Ensuite, non seulement personne ne parle plus des avantages offerts à Haïti pour son vote, à l’ONU, le message relatif à la contrepartie américaine a disparu des réseaux sociaux, seule la copie qui avait été trouvée originellement est disponible à ceux qui l’avaient. Aussi, près la jubilation de première heure, c’est le silence total.

Suite à l’annonce de cette conférence de presse, les autorités ont compris qu’une grave erreur a été commise, car les journalistes présents à l’événement allaient poser des questions embarrassantes auxquelles ni la présidence ni la Chancellerie n’aurait pu répondre.

En effet, personne au sein de l’administration Moïse-Céant n’allait pouvoir faire de déclaration publique à l’égard des prétentions exprimées relatives aux avantages qu’on prétend avoir été offerts par les Américains. Il y a aussi le fait que toute allusion à ceux-ci aurait donné lieu à une réplique soit de l’ambassade des États-Unis, à Port-au-Prince, ou du Département d’État, afin de tirer les choses au clair.
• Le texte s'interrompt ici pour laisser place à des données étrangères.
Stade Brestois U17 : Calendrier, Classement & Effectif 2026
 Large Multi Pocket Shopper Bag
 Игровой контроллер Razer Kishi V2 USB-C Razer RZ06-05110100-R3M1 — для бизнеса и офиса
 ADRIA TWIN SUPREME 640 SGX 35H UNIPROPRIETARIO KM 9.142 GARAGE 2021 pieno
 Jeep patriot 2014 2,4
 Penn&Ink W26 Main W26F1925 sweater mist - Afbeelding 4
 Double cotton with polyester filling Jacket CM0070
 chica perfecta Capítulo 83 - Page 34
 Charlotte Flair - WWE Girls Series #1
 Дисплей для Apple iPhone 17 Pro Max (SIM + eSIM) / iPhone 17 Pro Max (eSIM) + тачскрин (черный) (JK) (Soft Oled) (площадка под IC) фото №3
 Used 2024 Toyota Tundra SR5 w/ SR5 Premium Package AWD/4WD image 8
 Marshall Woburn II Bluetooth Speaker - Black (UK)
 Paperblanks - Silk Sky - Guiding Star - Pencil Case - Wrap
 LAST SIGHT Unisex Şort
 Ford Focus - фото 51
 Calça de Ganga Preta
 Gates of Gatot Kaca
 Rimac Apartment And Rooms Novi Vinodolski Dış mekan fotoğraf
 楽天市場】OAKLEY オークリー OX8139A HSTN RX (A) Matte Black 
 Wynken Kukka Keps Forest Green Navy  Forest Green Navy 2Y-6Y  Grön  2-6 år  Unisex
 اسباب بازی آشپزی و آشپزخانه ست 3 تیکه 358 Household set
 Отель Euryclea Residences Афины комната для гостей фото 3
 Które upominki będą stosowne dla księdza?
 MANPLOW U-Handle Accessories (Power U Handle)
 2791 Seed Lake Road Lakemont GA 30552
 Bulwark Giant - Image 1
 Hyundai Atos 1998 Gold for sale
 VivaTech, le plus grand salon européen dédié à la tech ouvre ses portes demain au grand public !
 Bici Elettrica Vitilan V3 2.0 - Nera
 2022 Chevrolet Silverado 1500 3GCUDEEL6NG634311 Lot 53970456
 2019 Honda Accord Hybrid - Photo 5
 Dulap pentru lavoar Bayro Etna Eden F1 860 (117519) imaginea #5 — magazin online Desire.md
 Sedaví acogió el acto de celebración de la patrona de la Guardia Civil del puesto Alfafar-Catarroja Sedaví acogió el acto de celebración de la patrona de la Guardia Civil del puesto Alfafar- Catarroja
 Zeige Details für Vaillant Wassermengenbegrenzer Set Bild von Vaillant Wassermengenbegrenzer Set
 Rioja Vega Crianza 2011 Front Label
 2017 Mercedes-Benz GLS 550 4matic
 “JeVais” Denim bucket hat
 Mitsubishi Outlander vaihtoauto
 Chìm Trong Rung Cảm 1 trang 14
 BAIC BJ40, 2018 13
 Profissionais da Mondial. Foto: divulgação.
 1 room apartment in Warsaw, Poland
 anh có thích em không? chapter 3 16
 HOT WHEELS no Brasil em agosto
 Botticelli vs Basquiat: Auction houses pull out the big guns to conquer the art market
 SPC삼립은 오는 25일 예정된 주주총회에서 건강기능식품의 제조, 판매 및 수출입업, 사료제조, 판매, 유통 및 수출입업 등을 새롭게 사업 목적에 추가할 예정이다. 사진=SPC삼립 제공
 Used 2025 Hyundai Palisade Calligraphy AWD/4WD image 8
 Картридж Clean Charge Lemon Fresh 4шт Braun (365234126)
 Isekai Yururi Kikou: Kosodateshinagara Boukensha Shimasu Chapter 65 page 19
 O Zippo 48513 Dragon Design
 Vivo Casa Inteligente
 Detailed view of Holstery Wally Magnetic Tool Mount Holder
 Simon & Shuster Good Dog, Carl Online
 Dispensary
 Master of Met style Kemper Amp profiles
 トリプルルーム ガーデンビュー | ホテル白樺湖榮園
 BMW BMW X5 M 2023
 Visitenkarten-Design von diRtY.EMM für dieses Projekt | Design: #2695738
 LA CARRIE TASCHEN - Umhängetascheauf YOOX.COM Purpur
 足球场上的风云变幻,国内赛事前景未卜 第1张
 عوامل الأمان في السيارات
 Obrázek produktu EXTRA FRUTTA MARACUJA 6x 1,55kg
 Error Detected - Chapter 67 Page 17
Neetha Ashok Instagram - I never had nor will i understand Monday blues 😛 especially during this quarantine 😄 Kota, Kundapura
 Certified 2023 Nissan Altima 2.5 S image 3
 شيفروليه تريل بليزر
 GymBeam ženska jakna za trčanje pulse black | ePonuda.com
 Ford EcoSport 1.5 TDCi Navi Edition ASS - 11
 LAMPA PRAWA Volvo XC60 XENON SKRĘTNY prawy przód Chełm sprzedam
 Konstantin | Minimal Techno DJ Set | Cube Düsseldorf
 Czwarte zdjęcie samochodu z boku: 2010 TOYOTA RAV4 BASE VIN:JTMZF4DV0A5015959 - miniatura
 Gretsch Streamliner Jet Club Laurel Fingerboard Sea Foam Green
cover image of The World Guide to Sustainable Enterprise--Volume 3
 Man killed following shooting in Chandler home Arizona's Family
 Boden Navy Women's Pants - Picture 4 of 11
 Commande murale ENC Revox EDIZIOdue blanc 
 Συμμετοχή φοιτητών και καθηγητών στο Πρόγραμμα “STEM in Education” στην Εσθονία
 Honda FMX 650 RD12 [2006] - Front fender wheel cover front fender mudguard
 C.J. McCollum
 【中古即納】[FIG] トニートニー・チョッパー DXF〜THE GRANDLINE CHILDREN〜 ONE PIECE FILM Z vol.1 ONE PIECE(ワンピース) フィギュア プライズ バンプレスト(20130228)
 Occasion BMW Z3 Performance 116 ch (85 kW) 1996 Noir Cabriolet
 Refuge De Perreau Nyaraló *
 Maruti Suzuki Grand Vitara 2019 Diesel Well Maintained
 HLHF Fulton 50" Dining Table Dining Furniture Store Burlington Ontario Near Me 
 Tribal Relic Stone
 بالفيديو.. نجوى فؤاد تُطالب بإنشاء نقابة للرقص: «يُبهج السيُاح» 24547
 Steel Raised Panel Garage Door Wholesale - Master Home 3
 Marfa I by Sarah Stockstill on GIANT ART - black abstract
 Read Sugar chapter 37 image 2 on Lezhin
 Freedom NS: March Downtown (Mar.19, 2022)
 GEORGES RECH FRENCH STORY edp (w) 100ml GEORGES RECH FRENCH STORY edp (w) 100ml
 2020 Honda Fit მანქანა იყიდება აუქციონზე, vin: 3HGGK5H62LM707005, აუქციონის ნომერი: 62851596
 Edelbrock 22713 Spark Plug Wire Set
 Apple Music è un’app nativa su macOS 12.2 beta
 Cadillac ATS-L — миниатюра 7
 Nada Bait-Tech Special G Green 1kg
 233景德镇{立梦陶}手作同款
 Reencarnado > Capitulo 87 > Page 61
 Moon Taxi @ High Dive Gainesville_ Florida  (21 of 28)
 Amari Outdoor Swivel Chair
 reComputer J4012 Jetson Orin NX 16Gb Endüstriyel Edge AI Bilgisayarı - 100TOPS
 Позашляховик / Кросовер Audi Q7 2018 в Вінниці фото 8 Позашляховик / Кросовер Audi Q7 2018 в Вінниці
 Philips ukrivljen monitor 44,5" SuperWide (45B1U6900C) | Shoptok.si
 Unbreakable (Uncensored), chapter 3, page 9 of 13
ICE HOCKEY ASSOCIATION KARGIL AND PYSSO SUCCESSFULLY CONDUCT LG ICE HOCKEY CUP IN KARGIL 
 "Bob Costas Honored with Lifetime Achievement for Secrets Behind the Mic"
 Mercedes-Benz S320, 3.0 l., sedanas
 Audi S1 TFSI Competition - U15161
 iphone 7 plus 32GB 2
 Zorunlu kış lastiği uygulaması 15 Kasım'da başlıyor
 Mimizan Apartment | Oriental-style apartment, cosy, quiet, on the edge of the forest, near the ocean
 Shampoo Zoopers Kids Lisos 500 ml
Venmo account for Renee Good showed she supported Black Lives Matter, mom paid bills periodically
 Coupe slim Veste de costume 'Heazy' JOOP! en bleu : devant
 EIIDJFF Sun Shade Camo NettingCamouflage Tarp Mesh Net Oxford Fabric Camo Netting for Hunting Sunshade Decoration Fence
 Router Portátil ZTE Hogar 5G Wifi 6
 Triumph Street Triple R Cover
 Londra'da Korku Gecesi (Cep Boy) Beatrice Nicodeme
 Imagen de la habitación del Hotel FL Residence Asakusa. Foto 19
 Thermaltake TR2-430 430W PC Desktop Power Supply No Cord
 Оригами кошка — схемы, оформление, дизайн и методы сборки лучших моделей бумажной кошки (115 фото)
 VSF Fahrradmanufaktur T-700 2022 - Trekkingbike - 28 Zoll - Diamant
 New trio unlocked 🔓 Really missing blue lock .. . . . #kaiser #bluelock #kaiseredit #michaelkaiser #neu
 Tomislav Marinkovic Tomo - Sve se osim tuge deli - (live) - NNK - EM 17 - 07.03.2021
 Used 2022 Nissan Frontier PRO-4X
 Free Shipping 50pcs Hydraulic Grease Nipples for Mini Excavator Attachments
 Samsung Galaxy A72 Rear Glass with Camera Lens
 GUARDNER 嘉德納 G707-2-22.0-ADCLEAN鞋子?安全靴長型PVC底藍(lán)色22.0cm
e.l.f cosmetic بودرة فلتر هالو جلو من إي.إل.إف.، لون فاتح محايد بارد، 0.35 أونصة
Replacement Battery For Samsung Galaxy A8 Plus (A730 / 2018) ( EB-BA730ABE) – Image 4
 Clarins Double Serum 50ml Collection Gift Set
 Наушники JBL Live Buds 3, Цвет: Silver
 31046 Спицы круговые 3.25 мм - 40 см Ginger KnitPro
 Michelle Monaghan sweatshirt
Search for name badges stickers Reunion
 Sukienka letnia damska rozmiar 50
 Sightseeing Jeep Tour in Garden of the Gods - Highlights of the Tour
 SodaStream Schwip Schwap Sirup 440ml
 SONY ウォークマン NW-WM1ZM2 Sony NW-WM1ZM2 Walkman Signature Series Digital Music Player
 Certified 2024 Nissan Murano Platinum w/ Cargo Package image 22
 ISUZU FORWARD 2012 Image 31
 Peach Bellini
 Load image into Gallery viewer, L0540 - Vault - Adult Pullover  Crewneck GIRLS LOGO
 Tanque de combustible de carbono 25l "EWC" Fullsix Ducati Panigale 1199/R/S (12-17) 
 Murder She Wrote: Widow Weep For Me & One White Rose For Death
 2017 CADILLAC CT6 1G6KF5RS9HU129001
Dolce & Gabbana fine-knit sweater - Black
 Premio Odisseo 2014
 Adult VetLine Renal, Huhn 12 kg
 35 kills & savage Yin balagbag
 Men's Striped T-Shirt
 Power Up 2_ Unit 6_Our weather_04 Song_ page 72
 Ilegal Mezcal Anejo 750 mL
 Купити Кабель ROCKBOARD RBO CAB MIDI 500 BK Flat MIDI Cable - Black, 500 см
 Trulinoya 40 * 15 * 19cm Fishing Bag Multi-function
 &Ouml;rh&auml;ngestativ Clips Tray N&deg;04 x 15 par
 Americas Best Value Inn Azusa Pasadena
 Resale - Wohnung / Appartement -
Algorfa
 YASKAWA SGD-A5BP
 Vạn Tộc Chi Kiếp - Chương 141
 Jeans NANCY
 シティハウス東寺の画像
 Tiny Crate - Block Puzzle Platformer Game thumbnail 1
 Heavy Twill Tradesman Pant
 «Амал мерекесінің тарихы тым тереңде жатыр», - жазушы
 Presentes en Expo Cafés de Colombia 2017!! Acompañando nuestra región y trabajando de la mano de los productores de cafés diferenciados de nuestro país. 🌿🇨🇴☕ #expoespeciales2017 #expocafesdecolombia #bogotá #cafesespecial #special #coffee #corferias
Mais qu’est-ce qu’Haïti a obtenu en retour pour son vote ?

Tout un chacun peut légitimement poser la question de savoir ce qu’Haïti a obtenu en retour pour son vote. Après plus d’une semaine de silence sans que les autorités n’aient annoncé la date à laquelle allait se dérouler la conférence ajournée le 12 janvier ni indiqué à quel moment le peuple haïtien sera informé par rapport aux tractations ayant abouti à ce vote, on ne peut que conclure que quelque chose ne va pas.

On doit se rappeler que, de leur côté, les autorités américaines se taisent par rapport à ce vote. Assurément, tous les avantages mentionnés s’élèvent à des milliards de dollars. D’ailleurs, la dette d’Haïti envers le Venezuela seulement se chiffre à plus d’USD 3 milliards, selon ce même document.

Au bout du compte, on sait que les discussions qui ont eu lieu autour du vote haïtien n’ont pas été menées « à la Maison-Blanche», tel qu’il a été annoncé dans le message, mais sans nul doute au Département d’État.

Mais, de toute manière, vu les conditions dans lesquelles Jovenel Moïse a été forcé de passer des instructions à son ambassadeur à l’OEA pour qu’il vote dans le même sens que les 18 autres pays qui ont ratifié la Résolution anti-Maduro, il y a de fortes chances qu’un pacte de silence ait été conclu.